Enfin, les coupures, résiliations de contrats et autres restrictions d'électricité ou de gaz pour cause d'impayés ont grimpé à 580.000 l'an dernier (400.000 dans l'électricité et 180.000 dans le gaz), contre 500.000 en 2011.
"Il y a urgence à prendre le problème à bras le corps. L'énergie est un bien essentiel, qui doit être payé à son juste prix par ceux qui le peuvent, mais dont l'accès doit être garanti aux plus vulnérables dans des conditions économiques acceptables", a souligné le Médiateur Denis Merville, dont le mandat - non renouvelable - s'achève en novembre.
Davantage de visibilité sur les prix
Pour commencer, il réclame des pouvoirs publics plus de "visibilité" sur les prix de l'énergie, avec des hausses de l'électricité planifiées sur plusieurs années, plutôt que d'y surseoir au nom du pouvoir d'achat, ce qui finit toujours par des rattrapages "inopinés".
Il estime à ce titre qu'il faudrait augmenter les tarifs de l'électricité d'environ 5% par an cette année et les deux suivantes, en s'appuyant notamment sur des estimations au début du mois de la Commission de la régulation de l'énergie (CRE).

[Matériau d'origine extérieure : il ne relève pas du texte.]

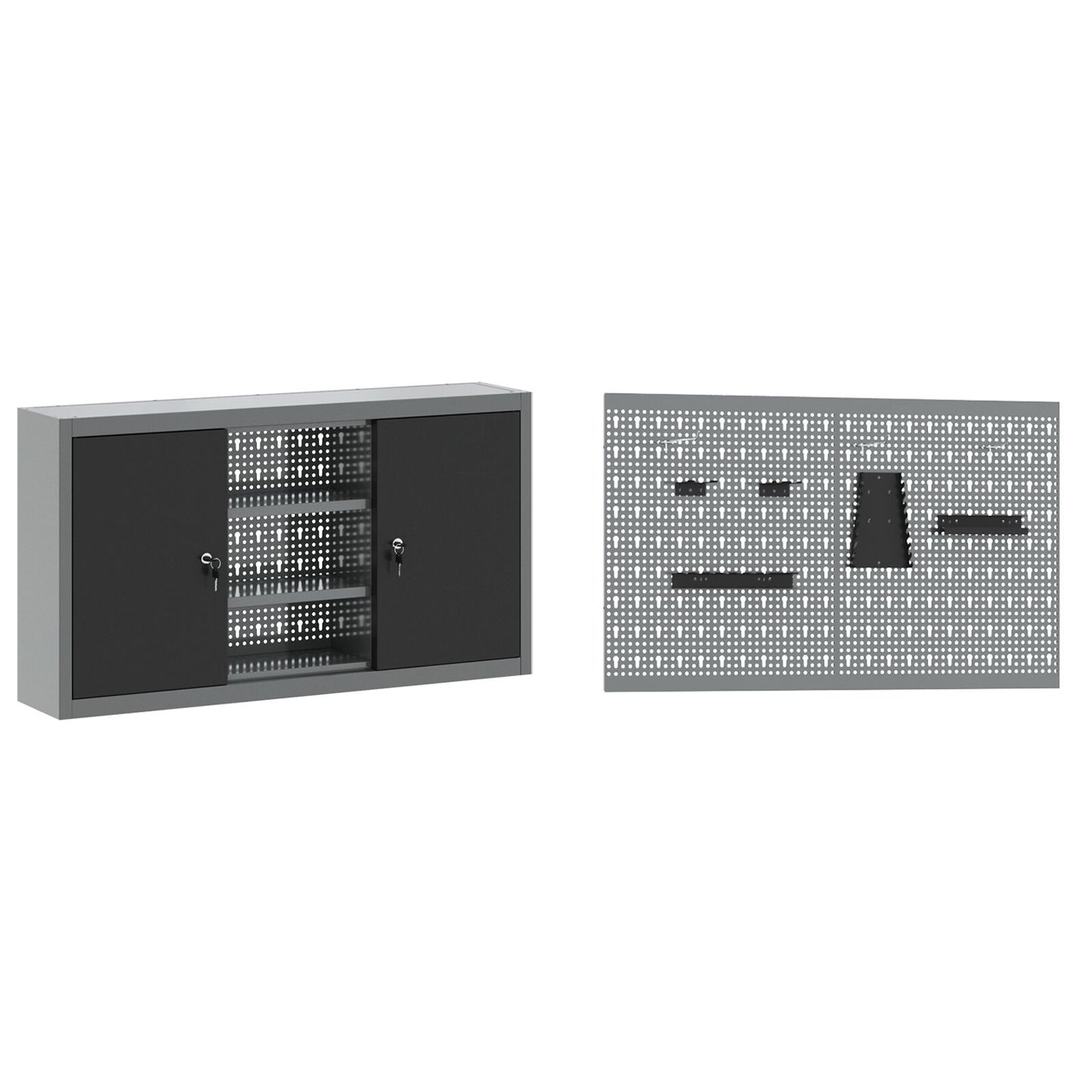 Set Di Mobili Da Lavoro Set Di 5 Nero Acciaio Standard Grigio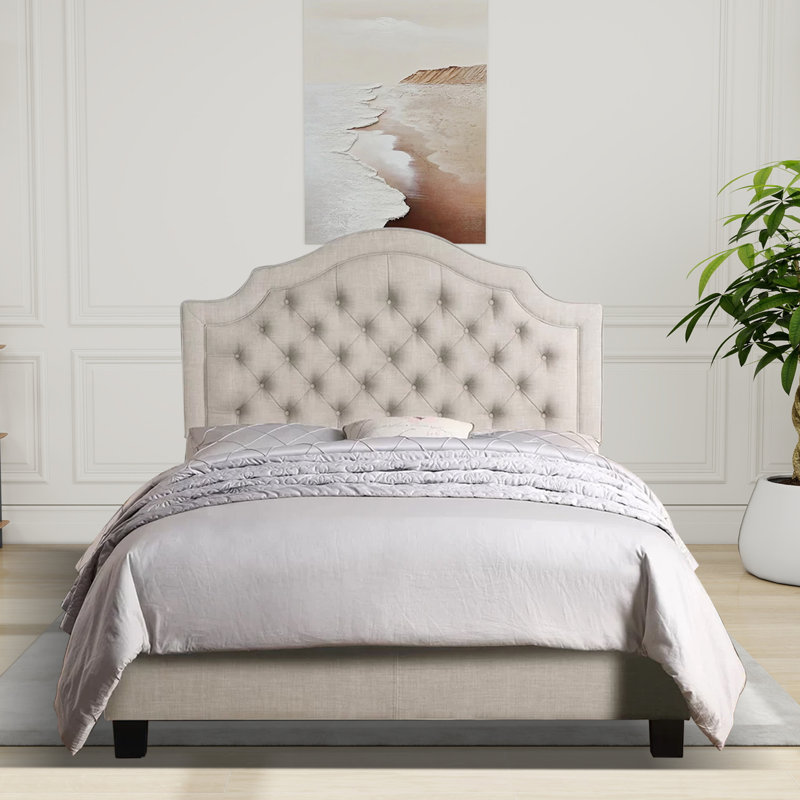 Lit rembourré en lin avec tête de lit réglable et capitonnage à boutons, Beige, Grand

Mais parallèlement, pour aider les plus fragiles, il relance l'idée d'un dispositif "chèque énergie", qui serait doté de plus d'un milliard d'euros et remplacerait les tarifs sociaux de l'électricité et du gaz.
Comme ces derniers, il serait financé par les consommateurs, et pour plus de simplicité, il pourrait être couplé à l'APL (aide personnalisée au logement).
Le Médiateur juge les tarifs sociaux imparfaits et insuffisants, notamment parce qu'ils sont faibles (moins de 200 millions d'euros par an) et laissent certaines énergies de côté (fioul, bois, réseaux de chaleur...), .
Ainsi, la loi Brottes sur l'énergie a étendu en avril à plus de 4 millions de ménages (soit 8 millions de personnes) ces tarifs sociaux, mais le Médiateur estime que cela ne sera pas mis en oeuvre à temps pour l'hiver prochain ni sans doute le suivant, du fait d'entraves administratives et techniques.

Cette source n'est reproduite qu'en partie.